His piece, in the 17th December edition of the newspaper, declared, “Vitamin pills are a waste of money, experts warn.” The Daily Mail said multivitamins “do nothing to protect us from illness”.

And this is true: for most people eating a healthy balanced diet, supplements are unnecessary. And for those who are not eating a healthy balanced diet, a change of diet is vastly preferable to supplementation.

So who are those experts, and what did they actually reveal or say? The first thing to recognize is that the most damning headlines about vitamin and mineral supplements weren’t generated from any new clinical trials or even analyses of previous trials. They actually came from an opinion piece written as an editorial by a number of scientists and appearing in the same issue of the medical journal Annals of Internal Medicine (AIM) that also included three reviews of past studies. Some of the authors had been engaged in previous studies of high-dose synthetic vitamin supplements.

Apparently Rob Verkerk doesn’t understand the process of scientific consensus building. This article summarised several reviews and other evidence, and drew a conclusion. That’s what science does. It’s interesting, though, that a columnist in WDDTY would try to play the “appeal to authority fallacy” card to undermine a published paper – great swathes of WDDTY would be blank if the editors adopted the view that appeals to authority are not reliable.

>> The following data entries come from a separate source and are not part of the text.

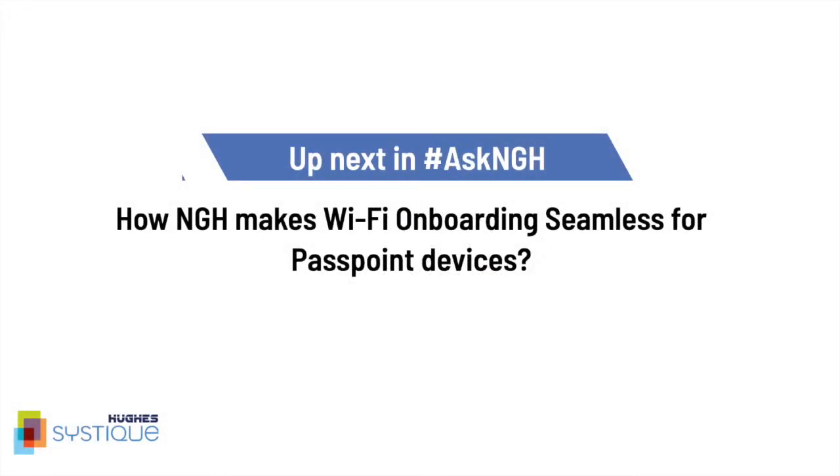Stay tuned to know more on how HSC's NGH makes Wi-Fi onboarding seamless.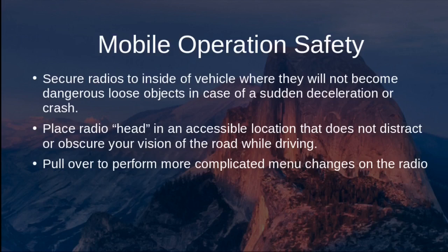Place the radio control head in an accessible location that does not distract from or obstruct your view of the road while driving. Don't position it near the floorboards where you have to look away from the road, and don't place it in the center of the windshield where it blocks your vision. If you need to perform more complicated tasks like changing menus or shifting to a different frequency, pull over to do so safely.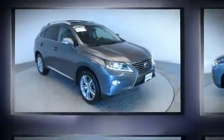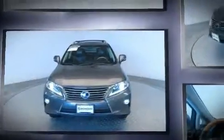Load your family into the 2015 Lexus RX 450h. With less than 20,000 miles on the odometer, this four-door sport utility vehicle prioritizes comfort, safety, and convenience.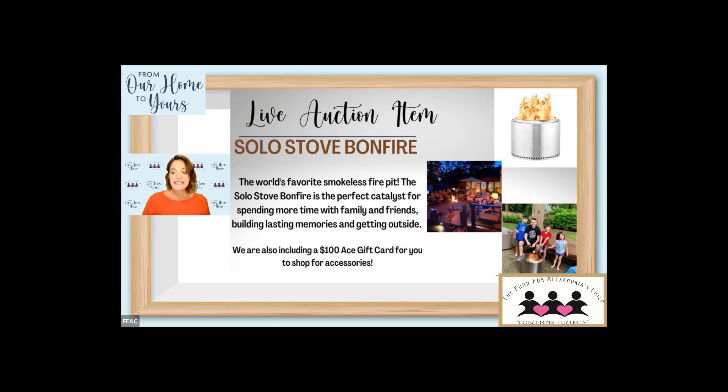Metcalfs are in at $425, looking for $450. Gretchen, don't be a quitter — come on back! We need $450. Heather, right now you're going to be renting it from the Metcalfs because they're in the lead. If you want to own it, type in $450 and take it home. James is in — $450 right there! Now we're going to $475. Metcalfs are back in at $475.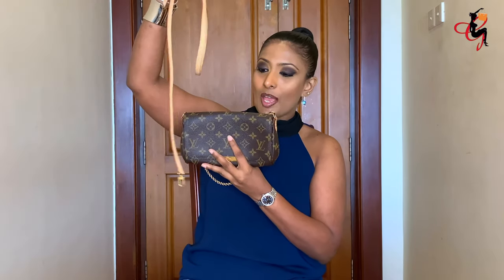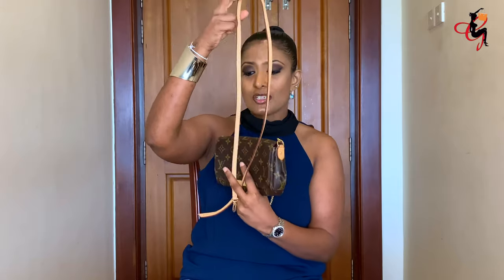My last Louis Vuitton handbag is the Favorite MM in monogram canvas. It comes with a shorter shoulder strap — you might not be able to use it as a crossbody unless you're shorter. It has a magnetic closure and a small slip pocket inside, making it a great evening bag like the Eva clutch. This older version has been discontinued, though the Eva clutch holds more than the Favorite MM.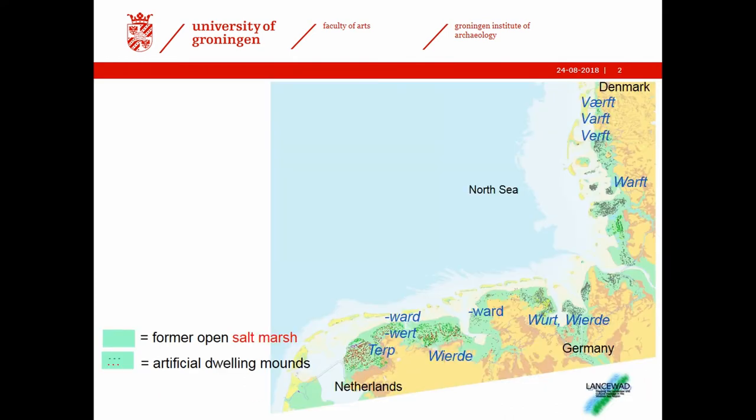My research area is in the Northern Netherlands, known as the Terp region. This was a salt marsh region — all the greenish parts were salt marsh. You also find them in Northwestern Germany and on the coast of Schleswig-Holstein and Denmark. The people lived in these areas on artificial dwelling mounds, and there are actually thousands of them in this coastal area. The word 'Terp' has become most used in international usage, so I will use that here.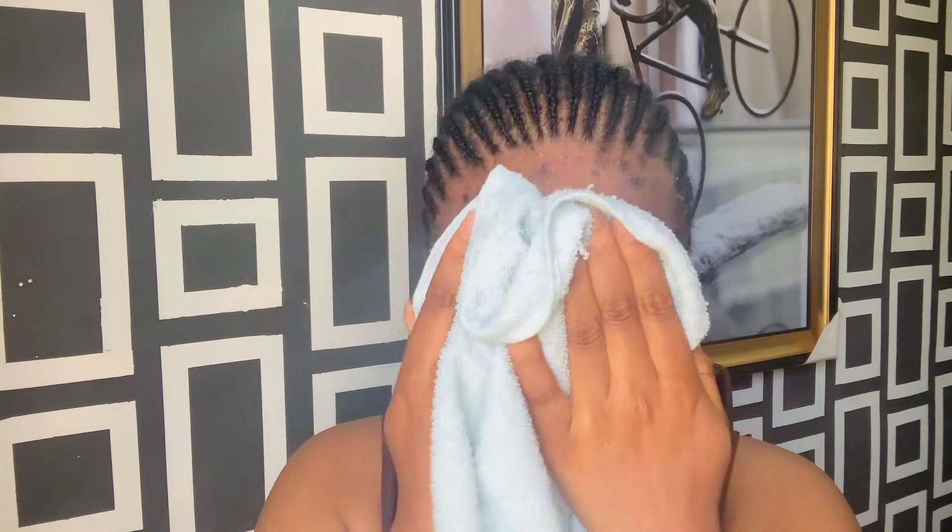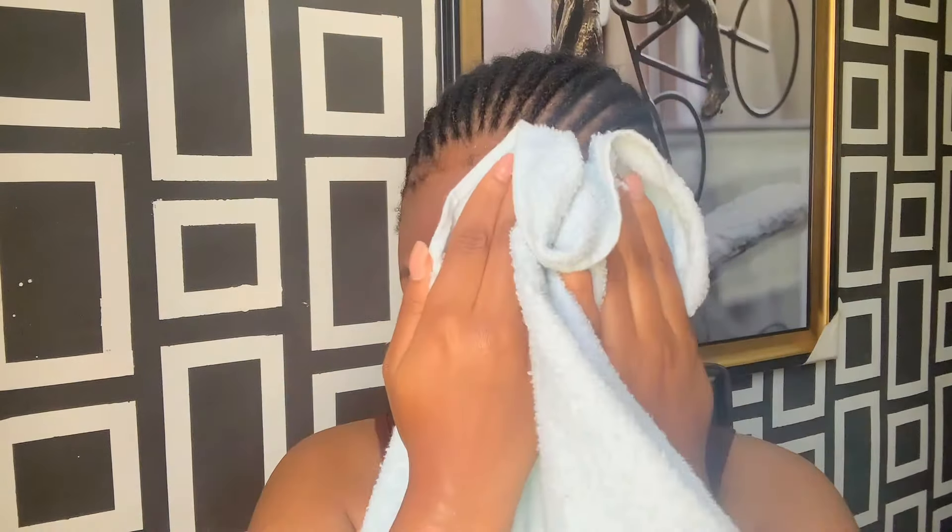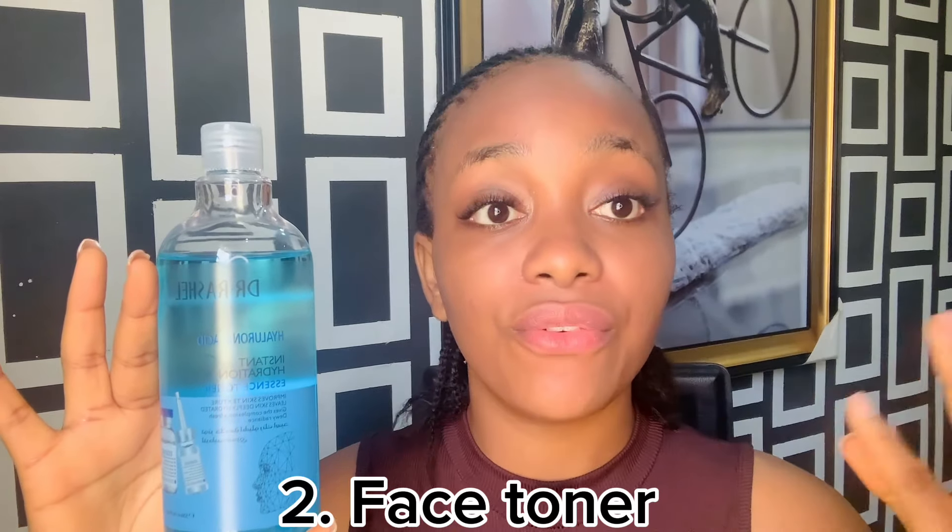Make sure you have a face towel — do not use your body towel on your face. Now I used to also use a face wash that contains niacinamide, which helps to fade dark spots. So if you're dealing with dark spots, go with products that contain niacinamide. A good skincare routine consists of a face wash or face soap, then your toner, then serums, then moisturizer, and lastly your sunscreen — which is very, very important.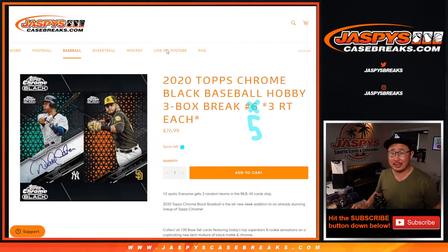Hi everyone, Joe for JaspysCaseBreaks.com, coming at you with 2020 Topps Chrome Black Baseball 3-box random team break number 5 from JaspysCaseBreaks.com.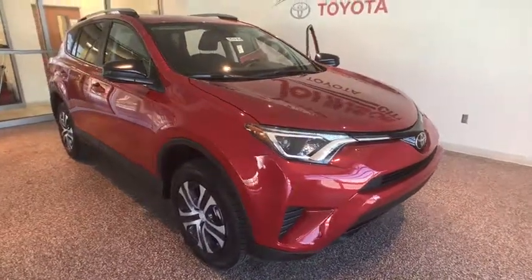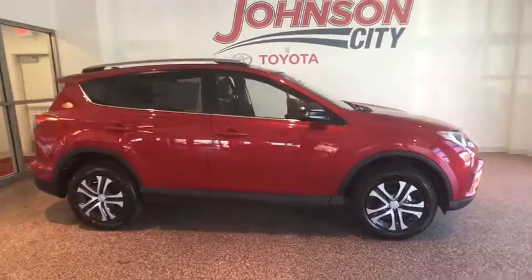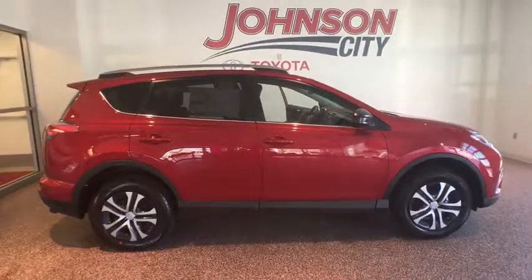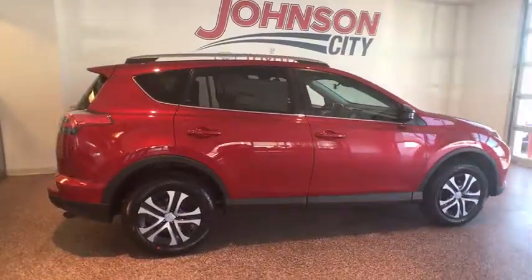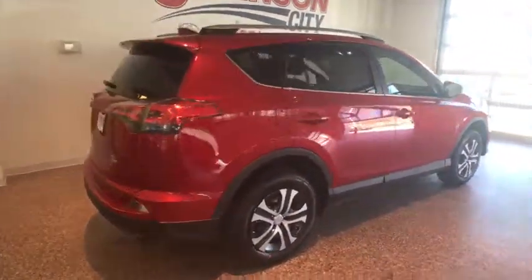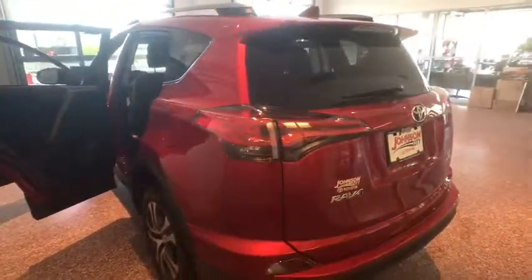The 2017 Toyota RAV4. The RAV4 is one of the most fuel-efficient SUVs in its class. Versatile and efficient, RAV4 mixes the comfort and drivability of a sedan with the benefits of an SUV. This highly evolved, well-packaged crossover SUV lets you have it all.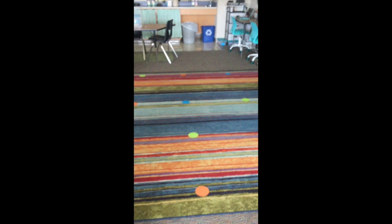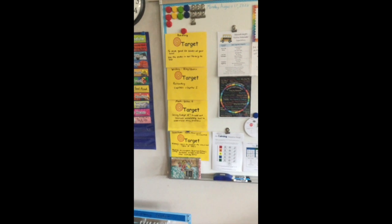Our front carpet is a place where we will sit at times to go over and talk about things. This area on our board is all of our targets for different units that we will be working on.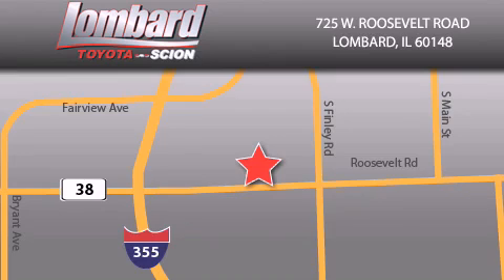Saving feels good every day at Lombard Toyota on Roosevelt Road, just five blocks east of I-355 and at LombardToyota.com.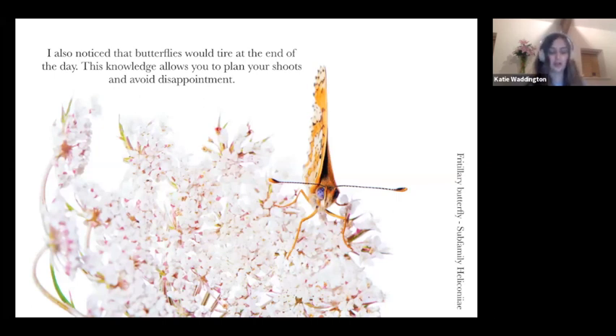I also noticed that butterflies were tired at the end of the day. Observing your environment at different times allows you to plan your shoots and avoid disappointment. You'll manage your time better when you know what time of day the animals you're looking for are active or resting. If you want to identify butterflies, it's much better to photograph both the inner and outer wings.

But this was a serious, highly credible, well-researched article in a major  peer-reviewed journal. That’s why it is so important, and why Verkerk has to spin like crazy to downplay it.

One review, the biggest by far, evaluated 26 studies to see if there was a link between taking typical dosages and forms of multivitamin/ mineral supplements and death from any cause, as well as death from either cancer or heart disease.

Another looked at two studies that evaluated the effects of a multivitamin on reducing cognitive decline in the elderly, and the third investigated whether a multivitamin could reduce cardiovascular events among those who’d already had a heart attack.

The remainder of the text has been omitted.